**Work task**. Retype exactly the lines that run from the start of the data to the line holding "Two elderly women", including both, and only those.

**Information provided**.
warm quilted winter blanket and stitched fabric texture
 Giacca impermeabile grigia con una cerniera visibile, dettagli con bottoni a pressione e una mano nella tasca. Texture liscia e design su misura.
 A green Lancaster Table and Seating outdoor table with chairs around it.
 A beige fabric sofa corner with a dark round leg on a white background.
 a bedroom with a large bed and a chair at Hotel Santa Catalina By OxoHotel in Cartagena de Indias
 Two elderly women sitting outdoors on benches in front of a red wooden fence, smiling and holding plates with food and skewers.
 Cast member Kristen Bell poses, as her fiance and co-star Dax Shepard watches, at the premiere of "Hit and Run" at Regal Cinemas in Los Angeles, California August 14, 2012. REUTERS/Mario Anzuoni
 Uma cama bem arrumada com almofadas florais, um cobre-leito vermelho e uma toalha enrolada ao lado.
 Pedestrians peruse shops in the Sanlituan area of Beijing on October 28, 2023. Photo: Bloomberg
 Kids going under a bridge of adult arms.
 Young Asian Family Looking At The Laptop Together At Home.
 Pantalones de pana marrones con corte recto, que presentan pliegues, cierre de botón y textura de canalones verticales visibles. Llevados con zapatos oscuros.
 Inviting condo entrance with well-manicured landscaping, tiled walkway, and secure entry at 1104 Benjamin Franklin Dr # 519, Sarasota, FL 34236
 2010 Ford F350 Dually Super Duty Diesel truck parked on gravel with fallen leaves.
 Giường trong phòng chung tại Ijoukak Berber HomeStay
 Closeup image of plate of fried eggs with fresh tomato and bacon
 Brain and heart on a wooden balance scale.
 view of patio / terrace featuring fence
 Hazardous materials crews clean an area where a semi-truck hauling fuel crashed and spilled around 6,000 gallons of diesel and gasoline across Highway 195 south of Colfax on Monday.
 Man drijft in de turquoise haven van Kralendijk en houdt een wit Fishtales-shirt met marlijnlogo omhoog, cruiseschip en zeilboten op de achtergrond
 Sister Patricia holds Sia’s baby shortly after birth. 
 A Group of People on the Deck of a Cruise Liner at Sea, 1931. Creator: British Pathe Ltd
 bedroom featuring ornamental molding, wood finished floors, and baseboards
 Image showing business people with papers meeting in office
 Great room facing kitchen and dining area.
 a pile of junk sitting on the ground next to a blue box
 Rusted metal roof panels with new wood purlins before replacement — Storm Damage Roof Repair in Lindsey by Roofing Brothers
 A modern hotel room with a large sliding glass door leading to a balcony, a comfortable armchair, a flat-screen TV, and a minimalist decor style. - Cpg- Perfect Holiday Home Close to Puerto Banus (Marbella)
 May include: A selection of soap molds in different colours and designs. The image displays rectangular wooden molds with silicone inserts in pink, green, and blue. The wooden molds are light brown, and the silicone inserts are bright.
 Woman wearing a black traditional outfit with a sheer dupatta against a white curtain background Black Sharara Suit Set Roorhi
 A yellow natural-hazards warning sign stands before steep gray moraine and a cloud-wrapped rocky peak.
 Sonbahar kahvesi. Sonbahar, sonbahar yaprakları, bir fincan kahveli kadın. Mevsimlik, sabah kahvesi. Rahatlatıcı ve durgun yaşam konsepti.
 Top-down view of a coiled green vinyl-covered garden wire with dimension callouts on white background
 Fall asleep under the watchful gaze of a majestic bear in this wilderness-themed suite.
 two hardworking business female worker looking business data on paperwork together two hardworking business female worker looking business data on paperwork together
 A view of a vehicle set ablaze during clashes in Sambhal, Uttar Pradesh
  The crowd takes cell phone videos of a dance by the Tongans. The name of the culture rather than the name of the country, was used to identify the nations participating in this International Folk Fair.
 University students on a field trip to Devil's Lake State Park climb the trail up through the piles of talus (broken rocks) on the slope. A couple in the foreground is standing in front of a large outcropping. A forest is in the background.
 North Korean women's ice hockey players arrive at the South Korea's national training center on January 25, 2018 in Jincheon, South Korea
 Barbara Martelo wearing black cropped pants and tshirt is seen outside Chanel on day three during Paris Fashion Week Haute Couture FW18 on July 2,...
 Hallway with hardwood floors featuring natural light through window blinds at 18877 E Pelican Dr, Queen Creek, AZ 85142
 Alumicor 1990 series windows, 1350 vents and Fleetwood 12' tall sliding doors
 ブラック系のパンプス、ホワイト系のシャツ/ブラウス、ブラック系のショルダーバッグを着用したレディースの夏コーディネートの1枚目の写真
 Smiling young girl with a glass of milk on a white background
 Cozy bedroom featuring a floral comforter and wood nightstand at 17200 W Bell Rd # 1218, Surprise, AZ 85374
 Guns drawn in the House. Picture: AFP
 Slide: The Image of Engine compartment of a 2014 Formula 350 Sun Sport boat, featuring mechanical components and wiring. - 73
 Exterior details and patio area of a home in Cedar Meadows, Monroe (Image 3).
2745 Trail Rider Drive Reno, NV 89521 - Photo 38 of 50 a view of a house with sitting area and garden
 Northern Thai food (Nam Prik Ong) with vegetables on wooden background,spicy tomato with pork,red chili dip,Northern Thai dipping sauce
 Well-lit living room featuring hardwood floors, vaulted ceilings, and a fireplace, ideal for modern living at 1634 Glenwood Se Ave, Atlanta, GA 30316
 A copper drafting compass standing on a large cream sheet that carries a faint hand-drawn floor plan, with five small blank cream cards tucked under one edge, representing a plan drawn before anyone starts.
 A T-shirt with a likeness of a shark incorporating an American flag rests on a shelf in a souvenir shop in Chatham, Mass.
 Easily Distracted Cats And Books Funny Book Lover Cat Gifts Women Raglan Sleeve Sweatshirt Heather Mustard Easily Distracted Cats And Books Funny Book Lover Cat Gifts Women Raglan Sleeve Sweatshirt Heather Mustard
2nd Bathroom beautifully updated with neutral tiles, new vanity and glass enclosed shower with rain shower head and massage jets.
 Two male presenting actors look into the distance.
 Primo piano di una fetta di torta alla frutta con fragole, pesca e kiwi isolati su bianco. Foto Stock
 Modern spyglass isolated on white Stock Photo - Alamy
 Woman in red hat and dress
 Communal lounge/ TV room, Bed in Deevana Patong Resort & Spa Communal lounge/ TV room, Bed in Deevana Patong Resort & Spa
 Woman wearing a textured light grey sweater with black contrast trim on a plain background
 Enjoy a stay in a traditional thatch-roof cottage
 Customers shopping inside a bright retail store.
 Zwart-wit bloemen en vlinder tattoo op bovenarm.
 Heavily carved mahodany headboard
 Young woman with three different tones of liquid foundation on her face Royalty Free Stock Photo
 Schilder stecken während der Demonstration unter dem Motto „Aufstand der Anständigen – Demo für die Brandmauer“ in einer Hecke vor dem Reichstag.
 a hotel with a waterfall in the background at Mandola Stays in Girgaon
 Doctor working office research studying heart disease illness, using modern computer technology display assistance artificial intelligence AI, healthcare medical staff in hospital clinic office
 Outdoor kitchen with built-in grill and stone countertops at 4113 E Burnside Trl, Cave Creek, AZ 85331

**Response**.
warm quilted winter blanket and stitched fabric texture
 Giacca impermeabile grigia con una cerniera visibile, dettagli con bottoni a pressione e una mano nella tasca. Texture liscia e design su misura.
 A green Lancaster Table and Seating outdoor table with chairs around it.
 A beige fabric sofa corner with a dark round leg on a white background.
 a bedroom with a large bed and a chair at Hotel Santa Catalina By OxoHotel in Cartagena de Indias
 Two elderly women sitting outdoors on benches in front of a red wooden fence, smiling and holding plates with food and skewers.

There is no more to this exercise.